ACTIVITY: Would you print the records below from the first line through the line containing "Hello! Today let's", skipping the pictures?

[Collected data]
********************
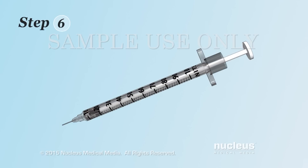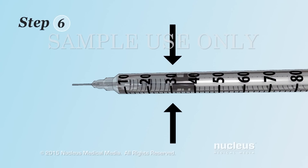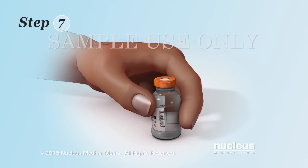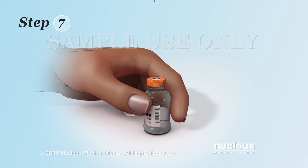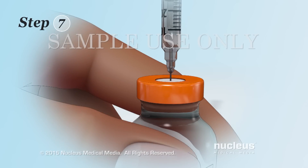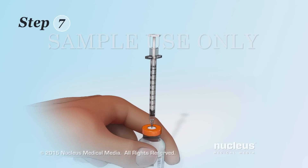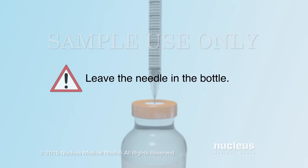Step 6: Pull back the plunger to draw in an amount of air that is equal to your insulin dose. Step 7: Hold your insulin bottle securely on a flat surface. Push the needle through the rubber on the top of the bottle. Push the plunger to inject the air into the insulin bottle. Leave the needle in the bottle. This helps to keep the right amount of pressure in the bottle and makes it easier to draw insulin into the syringe.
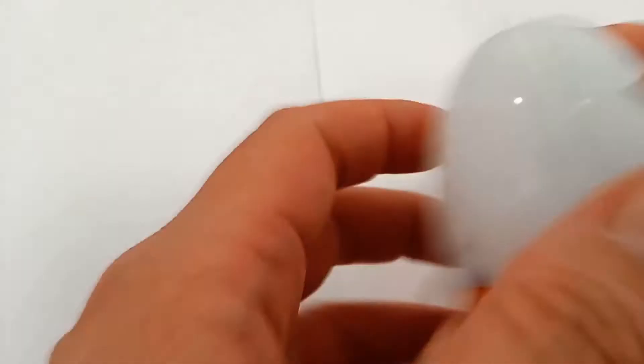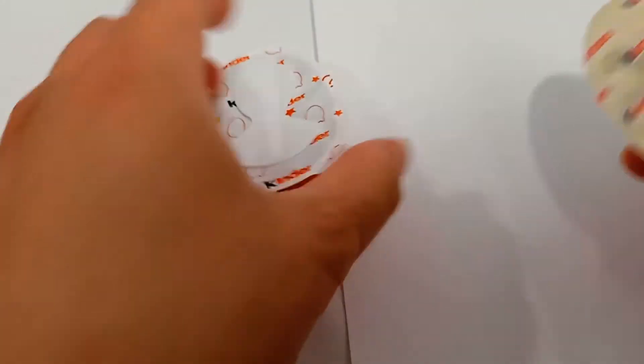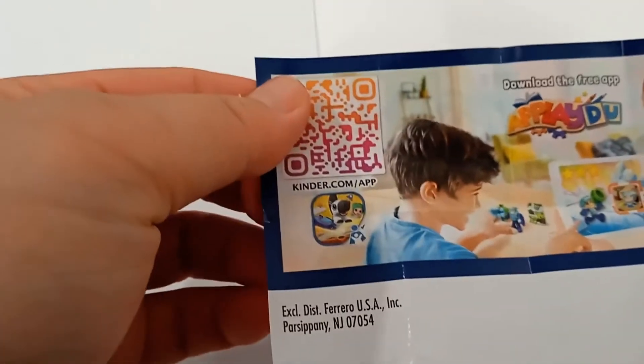Hello! Today let's open this up — the Kinder Joy — and see what we get. I believe this is the toy part. Okay, a little bunch of little parts. Okay, it's a little figurine.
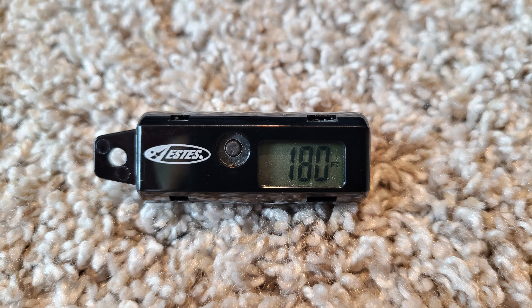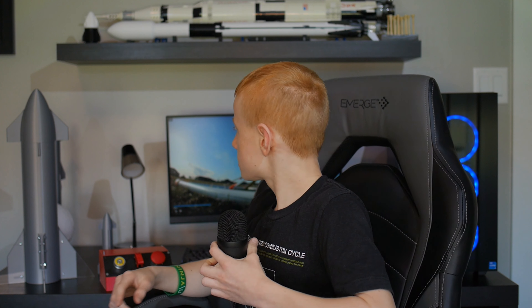Hello everybody, my name is Samuel here with 3D Space. Today we are going to be talking about Albert the Starship. He launched up to about 180 feet recently. If you haven't seen Part 1 of him going up, you can go back and find it — you should probably watch that because this is the analysis video and you'll need that context.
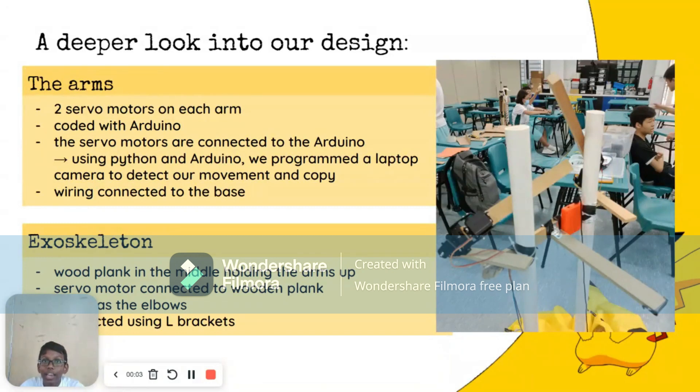The robot's arms are equipped with two servo motors each, which are programmed using Arduino. The servo motors are connected to the laptop and programmed using Python to detect movements. Wiring runs from the Arduino board located at the bottom of the robot to the servo controlling the arm. With this setup, the robot is able to perform movements as programmed and detect human movement, which is seen by the laptop camera. This system involves a combination of hardware components including servo drivers and Arduino boards, which contain software programming. We use Python as well as Arduino as our programming language to create functioning robots with controllable motors.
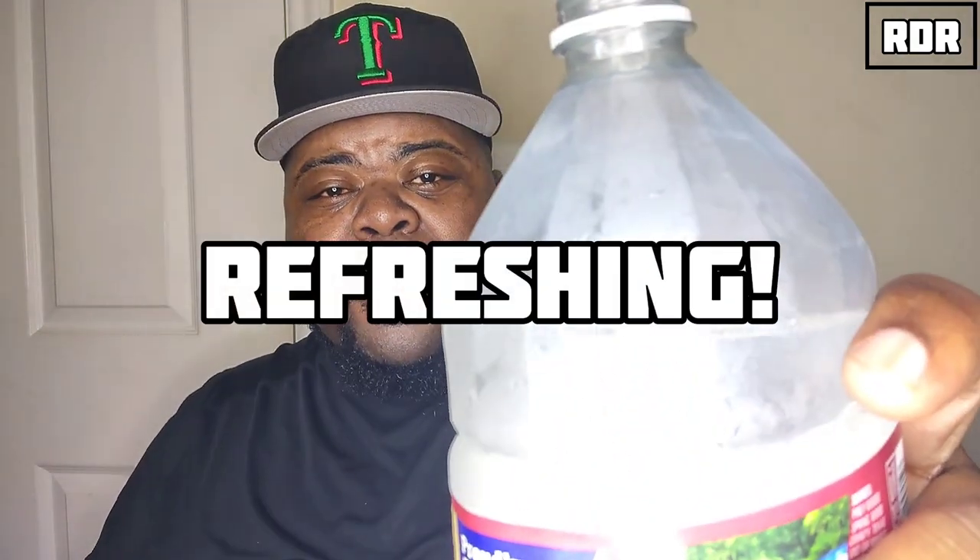I think they need to bring down the rating on the meter because it's not that spicy — I'm just glistening a little bit. After refreshing with water, that sucker just put the fire out. I was a little disappointed because with the classic version I thought it was going to come with that big punch.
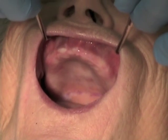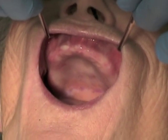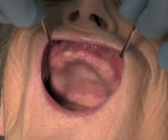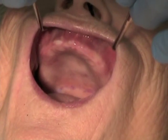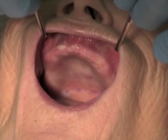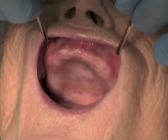The mirrors are placed to retract the lip far enough anteriorly that you can just see all of the anterior vestibule and the posterior vestibule at the same time. Do not place the mirrors so far anteriorly that the cheeks obscure the posterior vestibule. The goal is to see all of the vestibule at once.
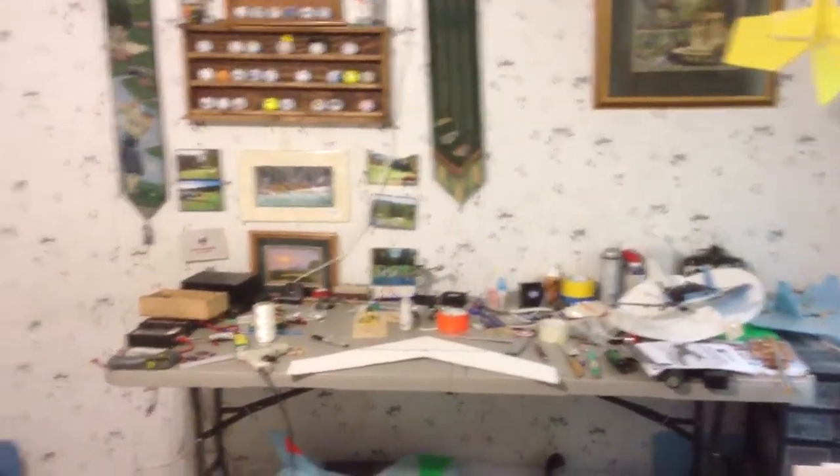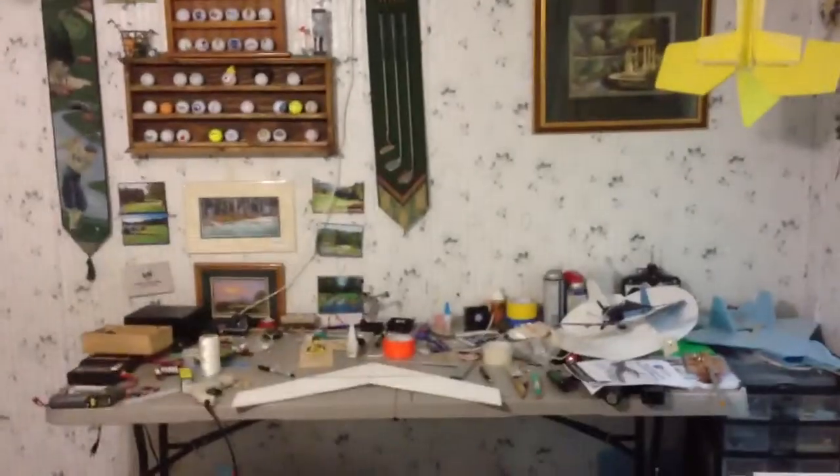Okay, I'm testing out my LED lights. This is the normal lights coming off of the ceiling fan. This is my workbench where I work on my remote control airplanes.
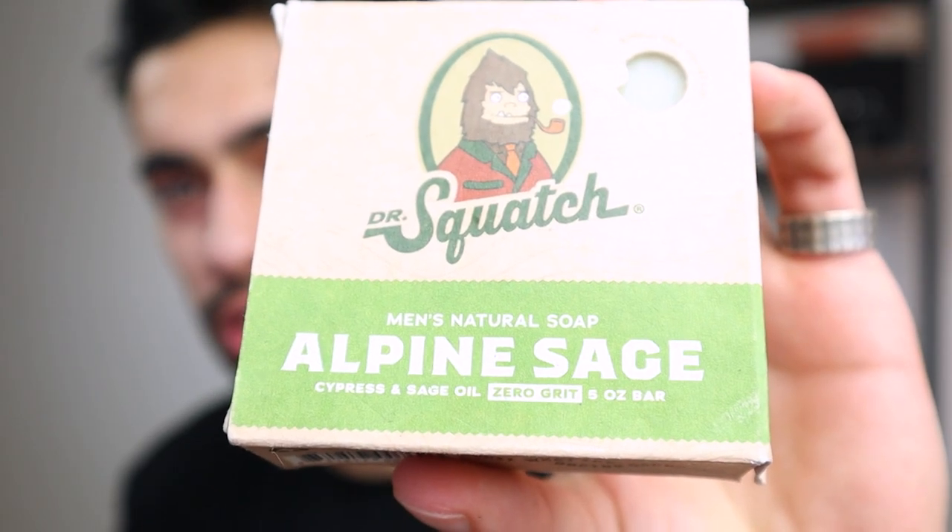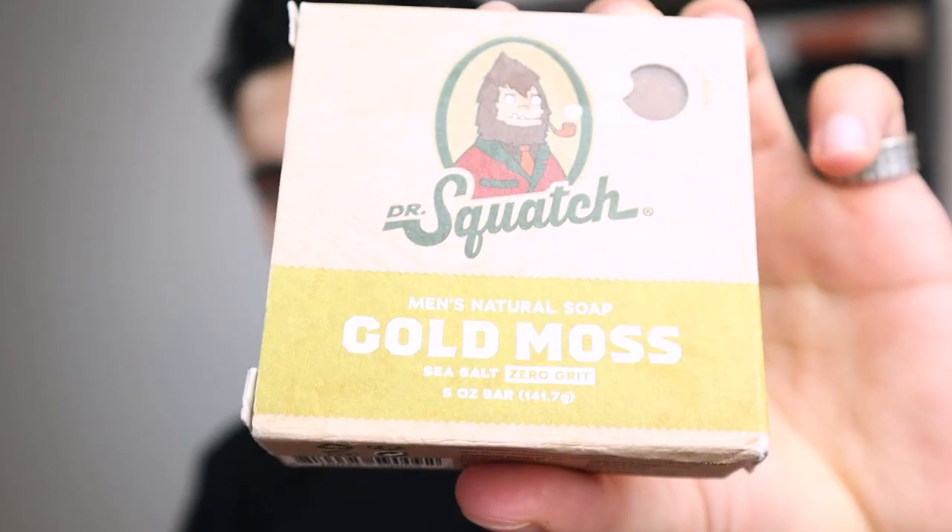So a quick summary from my previous video: I managed to get six of the bar soaps from Dr. Squatch and tested them out individually. The bar soaps I checked out were the Orphan Sage, Bayrum, Gold Moss, and Pintaw.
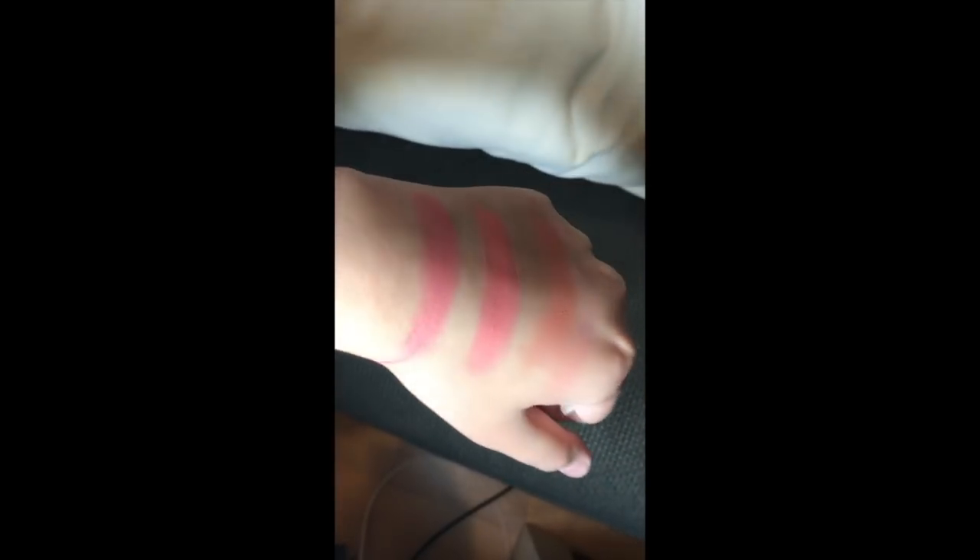So this is the swatches — this is mermaid, this is feline, this is flamenco. Now let's start putting it on my cheeks. I'm gonna start off with feline because I think the colors are just very very unique.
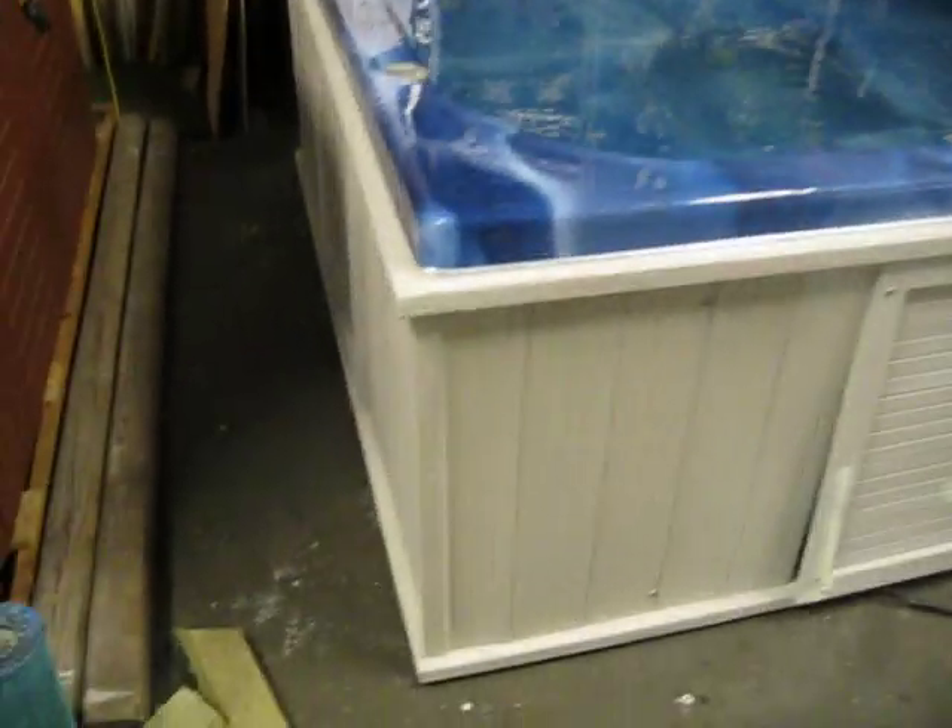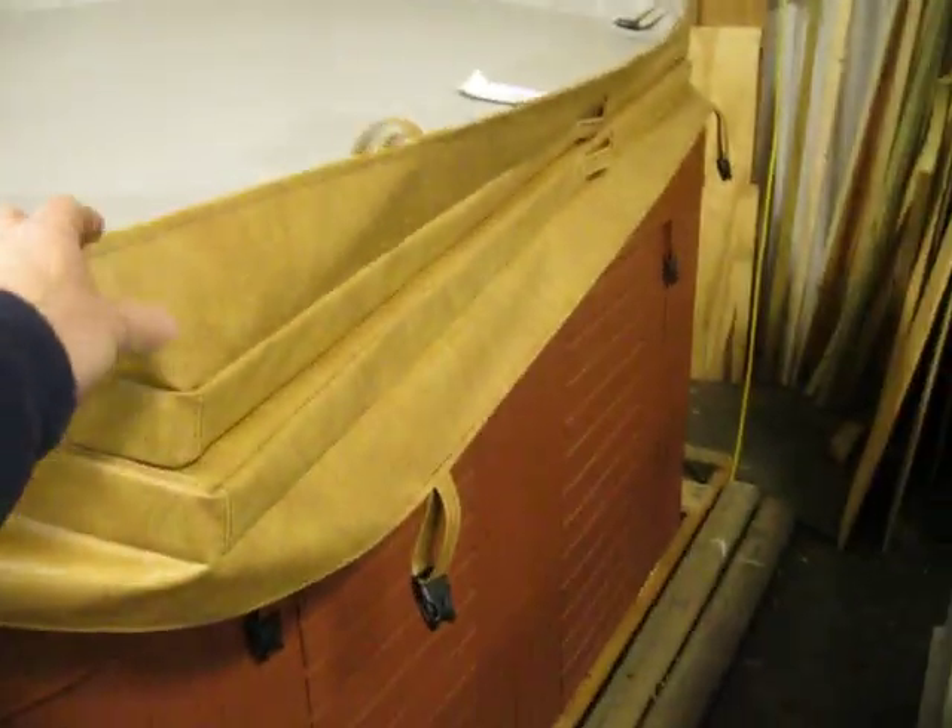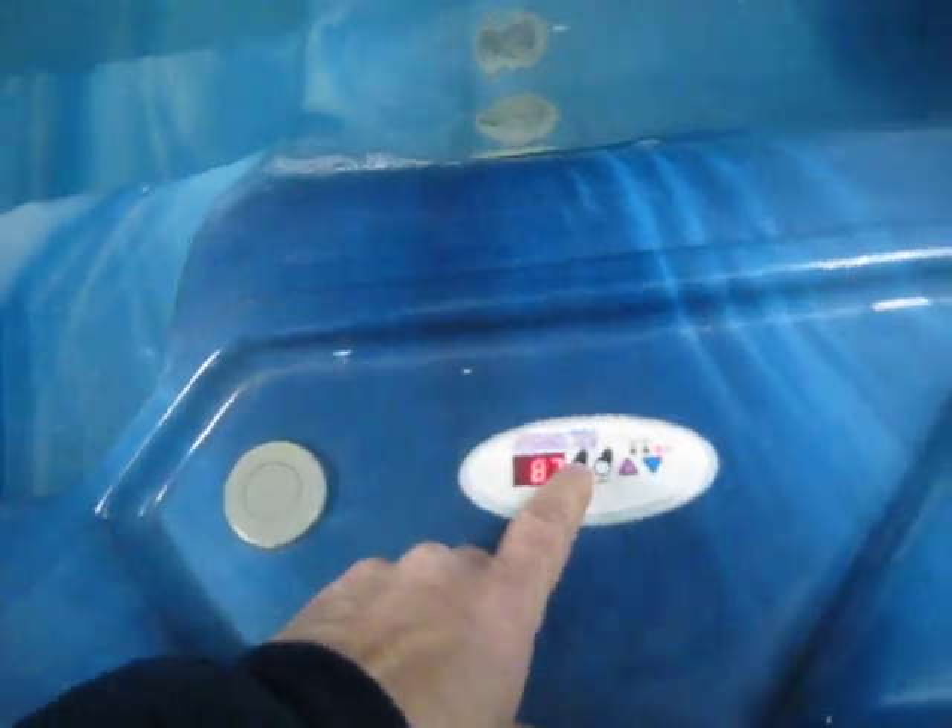What we have here is a nice little hydrospile. We've got a fresh painted cabinet and a brand new cover for it right here. It's got a pump and a blower. This is a 110 or 220 machine. It's got some good power.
********************
RESULT FOR THIS TASK:
Step 6: Pull back the plunger to draw in an amount of air that is equal to your insulin dose. Step 7: Hold your insulin bottle securely on a flat surface. Push the needle through the rubber on the top of the bottle. Push the plunger to inject the air into the insulin bottle. Leave the needle in the bottle. This helps to keep the right amount of pressure in the bottle and makes it easier to draw insulin into the syringe.
Hello! Today let's open this up — the Kinder Joy — and see what we get. I believe this is the toy part. Okay, a little bunch of little parts. Okay, it's a little figurine.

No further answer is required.